Effectivement, Arbi ne parle pas de cette première marche sans la nostalgie de l’espoir qui avait animé tous ses camarades, rassemblés autour de celle-ci, 100 000 personnes à Paris et avait été médiatisée largement. Cet espoir est toujours présent en ces marcheurs de 2015, nécessité par le climat raciste que la France connait avec la montée des identitaires, du Front National, des discours de ce dernier repris avec un habillage marketing de "valeurs laïques" par les autres grandes formations afin de draguer l’électorat potentiel FN. Pour le noter, nous remarquerons une certaine sensibilité et émotivité dans les récits de chacun sur les constats amers d’une société française divisée et paupérisée par le contexte de la crise économique imputable à "une invisible caste capitaliste préservée" sur le terrain des luttes, de la solidarité, de l’humanité.

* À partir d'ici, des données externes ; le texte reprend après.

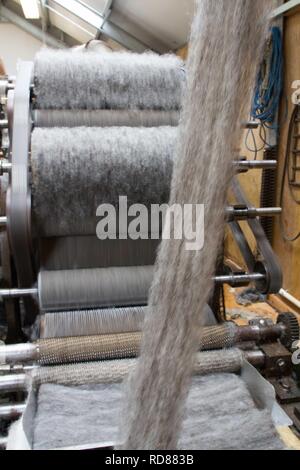 Wool thread being spun from raw wool product , part of process to create woll knitwear products in Woolen mill Stock Photo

Les marcheurs ayant parcouru la France de Lyon à Paris en quinze étapes arrivent dans la capitale à 15 heures ce 31 Octobre 2125, à la Bastille rassemblant quelques soutiens mais pas de foule. Tochka aura pris le bus de Lyon pour les rejoindre, cependant elle choisira de le faire en marchant tout d’abord avec ceux qui défilent pour "la marche de la dignité et contre le racisme" lancée par la MAFED (Marche des Femmes pour la Dignité) comme d’autres anciens marcheurs d’ailleurs. La Coordination contre le Racisme et l’Islamophobie sera symboliquement représentée par son porte-parole. Les trois marcheurs ne resteront pas jusqu’à l’arrivée des milliers de manifestants de la marche pour la dignité, leur décision a été prise de manière réfléchie et mesurée depuis le long périple enduré. "La marche citoyenne des quartiers populaires" ne doit pas être absorbée par "la marche de la dignité contre le racisme", voilà le sens de leur décision ultime qui achèvera cette longue marche dont la consistance n’est pas comparable. Elle a été un véritable chemin de croix sur lequel ont été portées par trois pèlerins citoyens fidèles issus de l’immigration maghrébine, les valeurs républicaines de la liberté, de l’égalité et de la fraternité, qu’aucun autre citoyen non-racisé ou mieux encore qu’aucun politique qui brandit ostensiblement et hypocritement à tour de paroles médiatiques les valeurs de la République n’aura entrepris, ni soutenu ici.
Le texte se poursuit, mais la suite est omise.